The benchmarks are divided into two groups:
- Internet Content Creation: Simulates the authoring of a website containing text, images, videos and animations. The following programs are used: Adobe After Effects 5.5, Adobe Photoshop 7.01, Adobe Premiere 6.5, Discreet 3ds Max 5.1, Macromedia Dreamweaver MX, Macromedia Flash MX, Microsoft Windows Media Encoder 9, McAfee VirusScan 7.0 and Winzip 8.1.
- Office Productivity: Simulates the use of an office suite, i.e., simulates sending e-mails, word processing, spreadsheets, presentations, etc. The following programs are used: Adobe Acrobat 5.05, Microsoft Office XP SP2, Internet Explorer 6.0 SP1, NaturallySpeaking 6, McAfee VirusScan 7.0 and Winzip 8.1.
This software delivers several results, all of them using a specific SYSmark2004 unit. First we have a SYSmark2004 overall score. Then we have a group result for each batch listed above. And for each batch, we have specific results: 3D Creation, 2D Creation and Web Publication for Internet Content Creation; and Communication, Document Creation and Data Analysis for Office Productivity.
For a better visualization, we separated the results into three graphs: overall score, Internet Content Creation score and Office Productivity score.
SYSmark2004 – Overall Score | Score | Difference |
Core 2 Extreme “QX6950” (3.33 GHz) | 423 | 7.09% |
Core 2 Extreme QX6850 (3 GHz) | 395 | |
Core 2 Extreme QX6700 (2.66 GHz) | 368 | 7.34% |
Core 2 Extreme X6800 (2.93 GHz) | 367 | 7.63% |
Core 2 Duo E6700 (2.66 GHz) | 346 | 14.16% |
Core 2 Duo E6750 (2.66 GHz) | 345 | 14.49% |
Pentium 4 550 (3.4 GHz) | 203 | 94.58% |
Difference | Internet Content Creation | 3D Creation | 2D Creation | Web Publication |
Core 2 Extreme “QX6950” (3.33 GHz) | 8.97% | 11.57% | 8.08% | 7.58% |
Core 2 Extreme QX6700 (2.66 GHz) | -6.96% | -11.76% | -3.44% | -5.63% |
Core 2 Extreme X6800 (2.93 GHz) | -12.45% | -17.27% | -11.83% | -7.79% |
Core 2 Duo E6750 (2.66 GHz) | -18.50% | -24.29% | -16.92% | -14.07% |
Core 2 Duo E6700 (2.66 GHz) | -18.86% | -25.24% | -18.41% | -12.34% |
Pentium 4 550 (3.4 GHz) | -57.69% | -58.06% | -57.04% | -58.01% |
Because of its new clock rates Core 2 Extreme QX6850 achieved an Internet Content Creation performance between 3.44% and 11.76% higher than its predecessor, Core 2 Extreme QX6700.

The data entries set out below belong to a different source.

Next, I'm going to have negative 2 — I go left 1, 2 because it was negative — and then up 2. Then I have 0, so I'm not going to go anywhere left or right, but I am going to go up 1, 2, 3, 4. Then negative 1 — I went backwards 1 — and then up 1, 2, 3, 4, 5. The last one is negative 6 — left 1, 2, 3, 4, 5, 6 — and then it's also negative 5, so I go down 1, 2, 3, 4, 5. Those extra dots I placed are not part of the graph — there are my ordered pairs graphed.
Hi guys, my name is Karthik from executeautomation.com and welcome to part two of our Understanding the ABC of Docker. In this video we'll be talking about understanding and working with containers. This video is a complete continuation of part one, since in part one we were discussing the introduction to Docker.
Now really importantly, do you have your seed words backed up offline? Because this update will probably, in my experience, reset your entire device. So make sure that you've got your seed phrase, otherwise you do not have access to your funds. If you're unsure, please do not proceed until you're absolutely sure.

Difference | Office Productivity | Communication | Document Creation | Data Analysis |
Core 2 Extreme “QX6950” (3.33 GHz) | 5.24% | 1.74% | 8.67% | 5.78% |
Core 2 Extreme X6800 (2.93 GHz) | -1.40% | 0.00% | 1.28% | -4.91% |
Core 2 Duo E6700 (2.66 GHz) | -5.59% | 2.91% | -9.44% | -9.54% |
Core 2 Duo E6750 (2.66 GHz) | -6.29% | -6.98% | -4.85% | -6.94% |
Core 2 Extreme QX6700 (2.66 GHz) | -6.99% | -4.07% | -6.89% | -9.83% |
Pentium 4 550 (3.4 GHz) | -37.76% | -20.93% | -47.96% | -41.62% |
Because of its new clock rates Core 2 Extreme QX6850 achieved an Office Productivity performance between 4.07% and 9.83% higher than its predecessor, Core 2 Extreme QX6700.
[nextpage title=”PCMark05 Professional”]
PCMark05 Professional measures the system performance by running several tests. We selected two batches for our comparisons, System and CPU.

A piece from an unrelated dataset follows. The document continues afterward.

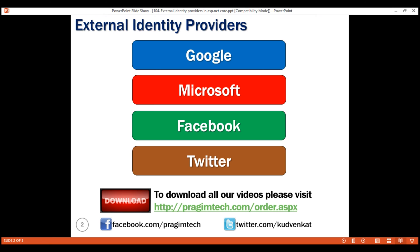We trust these third-party applications and use them to authenticate and identify who the user is. For this reason, these third-party applications are commonly called trusted identity providers. To be more accurate, we call them trusted external identity providers as these third-party applications are external to our own application. Windows authentication can also be used as an external identity provider. In this video and in our upcoming videos, we'll discuss integrating these external identity providers in our ASP.NET Core web application.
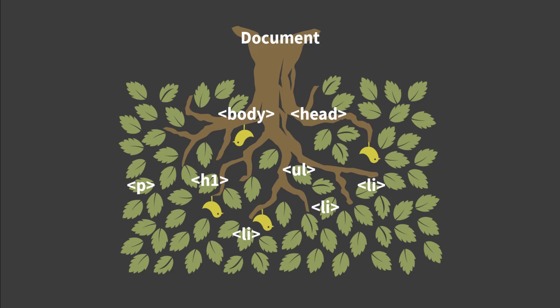In the previous lecture, you learned how events bubble up the DOM tree. For example, clicking a list item also triggers a click event on the UL element containing the list item.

The System batch performs the following tests: HDD XP Startup, Physics and 3D, 2D Transparent Window, 3D Pixel Shader, Web Page Rendering, File Decryption, 2D Graphics Memory – 64 lines, HDD General Usage and three multithreading tests.

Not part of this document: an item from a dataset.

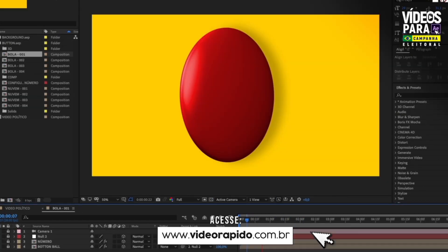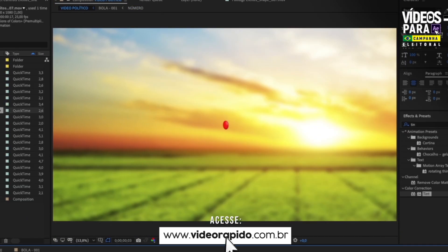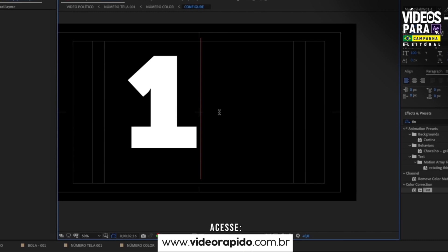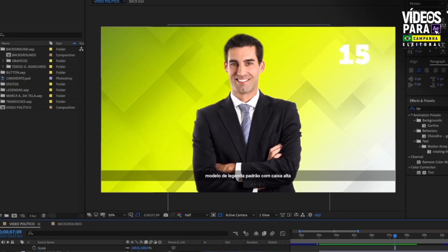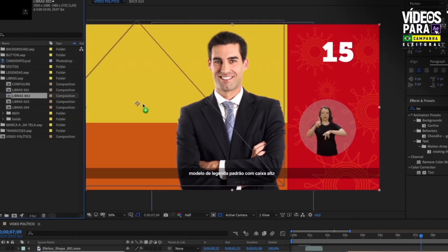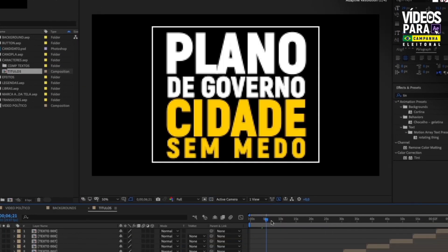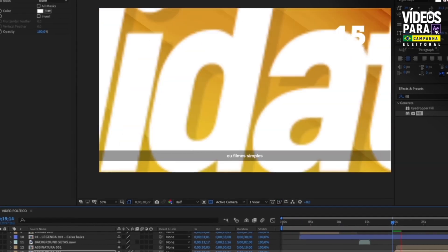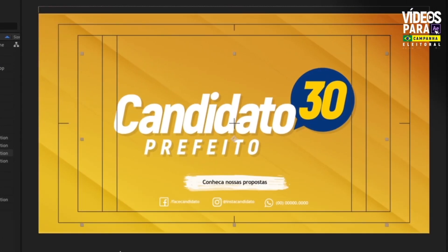Chega de perder horas e mais horas de criação e edição. Crie projetos incríveis em menos de 10 minutos, utilizando os vídeos para a campanha política, com os mais fantásticos elementos. Vídeos para a campanha política — saia na frente.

The CPU batch performs the following tests: File Compression, File Decompression, File Encryption, File Decryption, Image Decompression, Audio Compression and two multithreading tests.
The results are given in a PCMark05 specific unit.
PCMark05 Professional 1.2.0 – System Batch | Score | Difference |
Core 2 Extreme “QX6950” (3.33 GHz) | 9394 | 5.13% |
Core 2 Extreme QX6850 (3 GHz) | 8936 | |
Core 2 Extreme QX6700 (2.66 GHz) | 8308 | 7.56% |
Core 2 Extreme X6800 (2.93 GHz) | 7803 | 14.52% |
Core 2 Duo E6750 (2.66 GHz) | 7425 | 20.35% |
Core 2 Duo E6700 (2.66 GHz) | 7334 | 21.84% |
Pentium 4 550 (3.4 GHz) | 4691 | 90.49% |
PCMark05 Professional 1.2.0 – CPU Batch | Score | Difference |
Core 2 Extreme “QX6950” (3.33 GHz) | 10762 | 10.98% |
Core 2 Extreme QX6850 (3 GHz) | 9697 | |
Core 2 Extreme QX6700 (2.66 GHz) | 8619 | 12.51% |
Core 2 Extreme X6800 (2.93 GHz) | 7557 | 28.32% |
Core 2 Duo E6750 (2.66 GHz) | 6855 | 41.46% |
Core 2 Duo E6700 (2.66 GHz) | 6848 | 41.60% |
Pentium 4 550 (3.4 GHz) | 4097 | 136.69% |
[nextpage title=”Photoshop CS2″]
The best way to measure performance is by using real programs. The problem, though, is creating a methodology using real software that provides accurate results. For Photoshop CS2 there is a methodology created by the folks at GamingHeaven that is very accurate. Their script applies a series of 12 filters to a sample image and we wrote down the time taken for each filter to run. At the end, we have the results for each individual filter and we simply added them up to give the total time taken to run the 12 filters from GamingHeaven batch. The results below are given in seconds, so the lower the number the better.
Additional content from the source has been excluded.